Al llegar nos refugiamos debajo del techo del garaje en
donde se estacionaban los carros y las motobombas. La
adrenalina de buscar el lugar fue apagándose y inalmente
pudimos cambiarnos de ropa. Entonces empezó el verdadero calambre del frío. Una de las cosas más dolorosas en
nuestro estado de semi-congelamiento fue tener que ponernos ropa no del todo seca, pues el aguacero había empapado todo nuestro equipaje. Estuvimos obligados a encontrar ese alivio en un baño que no tenía puertas y donde
todo estaba también helado.
Esa fue la la difícil llegada y la digna bienvenida que nos
ofreció la ciudad más alta y, para nosotros, también la más
fría del mundo.
-179-
entre el cielo y la tierra
Hubo un tiempo, luego de nuestro paso por Ayacucho,
que nuestro camino se llenó de montañas y quebradas tan
difíciles de superar que a veces recorrer apenas 30 km en
un día era ya demasiado. En una de esas jornadas, los mapas nos decían que nos faltaba largo, y que si no nos apurábamos tendríamos que pedalear a obscuras. El recorrido
había sido “mixto”, entre bajadas, subidas y planos, pero
hacia el atardecer se pronunció únicamente la bajada. La
tarde fue espectacular, pues el descenso intrépido nos permitió divertirnos mucho. Un poco de arena y tierra hacían
que el camino fuera menos pedregoso, y la bajada más suave, por lo que alcanzábamos más velocidad a costa de un
poco menos de maniobrabilidad.
La llegada de la noche ya no nos pareció tan divertida,
aunque sí más atemorizante. Tuvimos que reducir la velocidad, concentrarnos bien en la poca luz que nuestras
linternas podían arrojar para no darnos con una piedra o
un hueco, y seguir la bajada interminable.

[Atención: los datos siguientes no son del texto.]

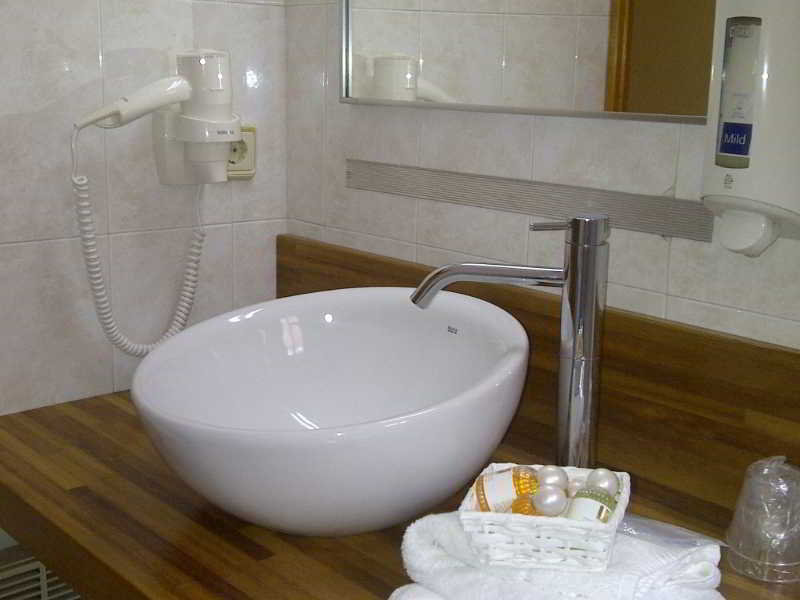 Imagen de alojamiento Hotel Esquirol Imagen de alojamiento Hotel Esquirol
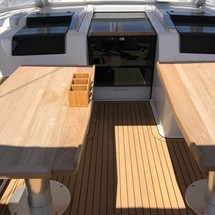Hanse 548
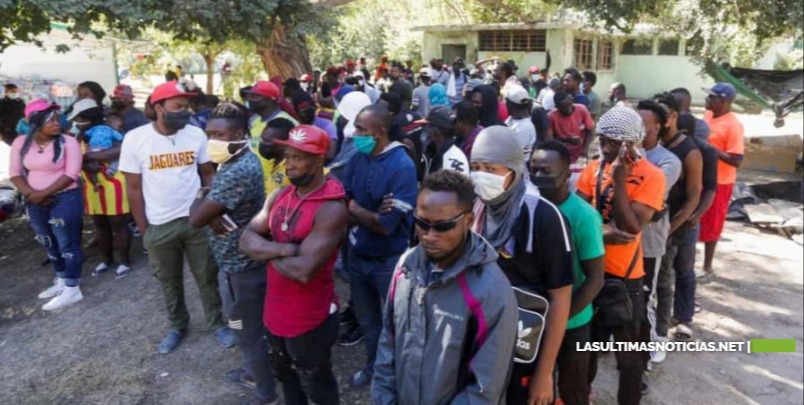 Migrantes haitianos son abandonados en Acapulco por personal de migración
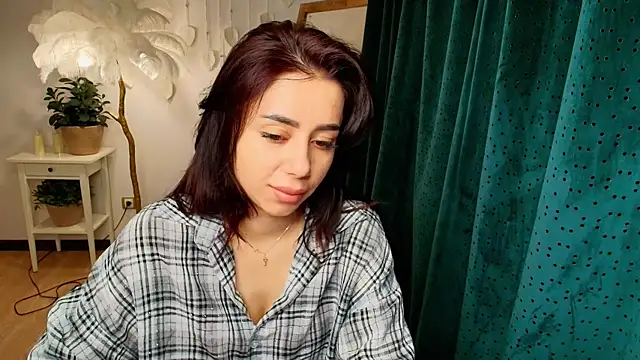 Snapshot of HaleyAnderson chatting on 07/18/26, 03:11 HaleyAnderson online show from 07/18/26, 03:11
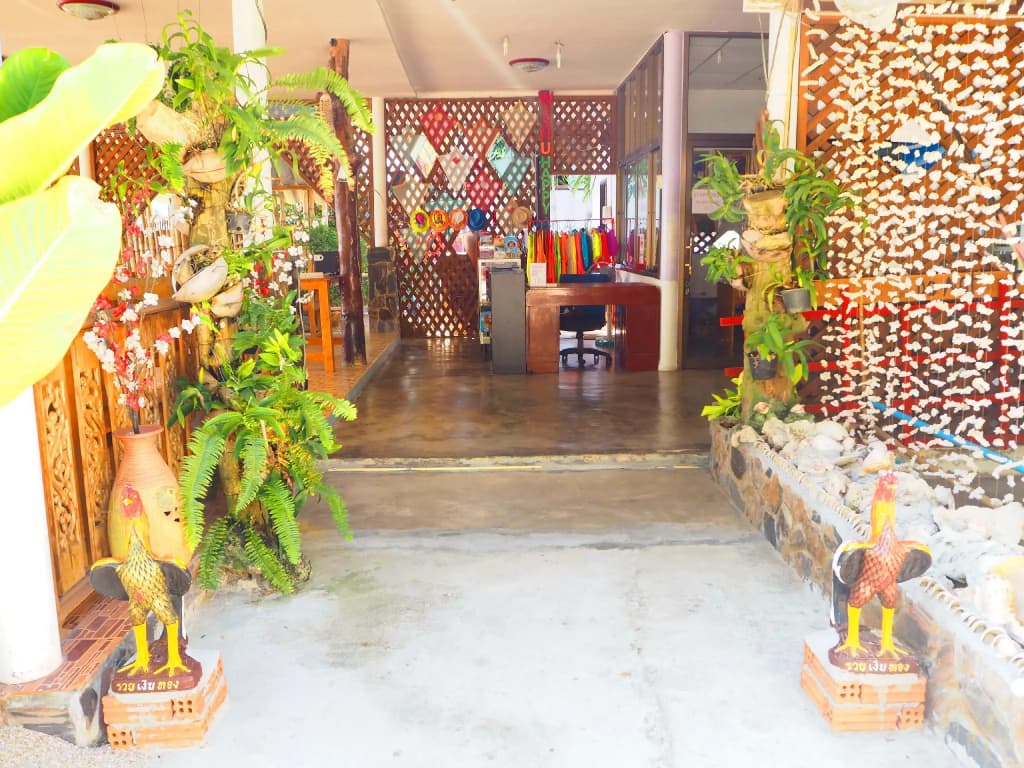 The Scenery Beach Resort - photo 2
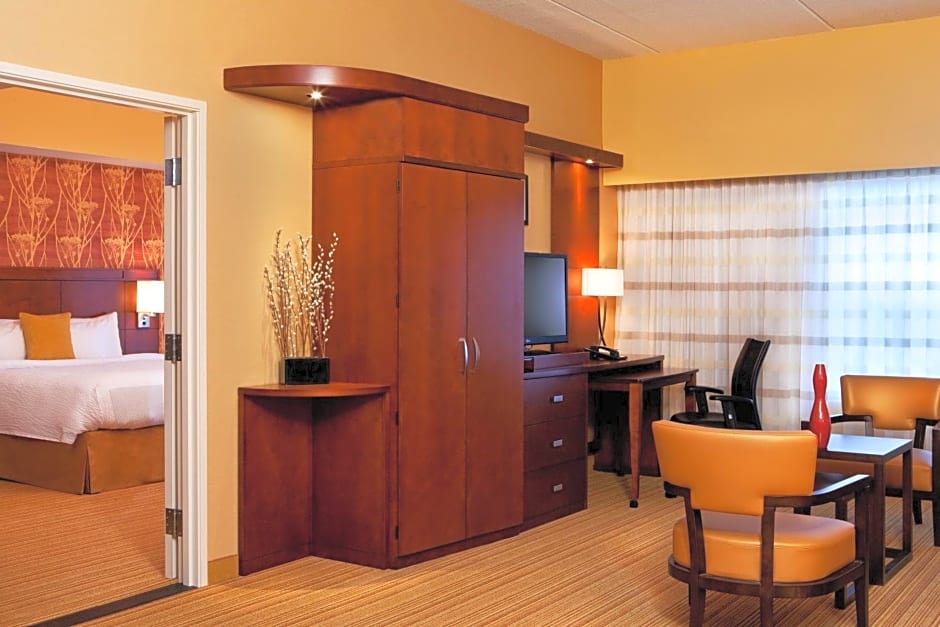 Courtyard by Marriott Syracuse Downtown at Armory Square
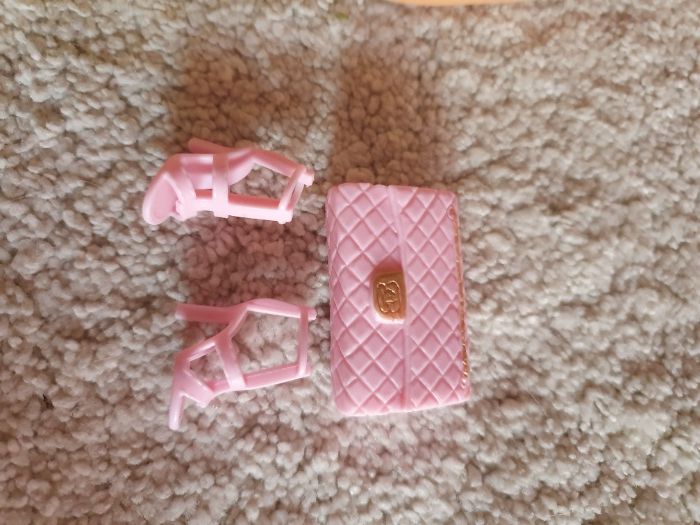 Barbie modelo (com vestido, mala e sandálias)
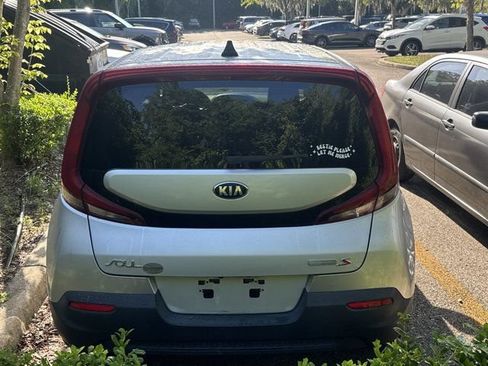 Used 2021 Kia Soul S FWD image 6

Yo, al igual que muchas personas en este mundo, supongo, he tenido miedo de algunas cosas en la vida. Sin embrago, hasta entonces no había pensado en la posibilidad
del miedo como impulsor para superar los problemas; al
contrario, había pensado que el miedo siempre era un obstáculo, y cuando lo sentía presente en alguna situación, trataba de eliminarlo. Ahora sé que no es así como funciona,
que es el miedo el que te ayuda a reaccionar, a controlar las
cosas para salir de los líos en los que estás metido. Puede
ser que nosotros seamos bobos, pero nuestro cuerpo no lo
es. Él siempre reacciona a todo lo que le sucede externa e
internamente, y el miedo es una reacción.
Llegué a esta conclusión por lo que estábamos pasando
entonces: la noche, la falta de provisiones, la duda sobre
cuánto faltaba y sobre el camino que habíamos escogido
en el último desvío. Nuestro miedo, sin embargo, a ratos
se transformaba en éxtasis, un éxtasis de saber que todo lo
que hiciéramos en ese momento era de suma importancia,
de saber que el otro, aunque sabía cuidarse solo, era de
suma importancia para uno mismo, que cualquier cosa que
requiriese el grupo había que hacerla en conjunto, pues era
imperativa la colaboración de todos para que todo salga
bien. En ese momento de nuestras vidas solo nos teníamos
los unos a los otros. No había padres, no había hermanos,
no había novios o novias, o mejores amigos, o amigos de
cantina… No había nadie más indicado para ayudarte en
ese momento que la persona que tenías a lado. Tal vez no
era la persona que más te caía en la vida, tal vez era alguien a quien no llamabas desde hace mucho tiempo en
la ciudad, o tal vez incluso era alguien con el que te habías
peleado el día anterior por la pérdida de una bomba o una
tarjeta de memoria digital, pero en ese momento era la única compañía.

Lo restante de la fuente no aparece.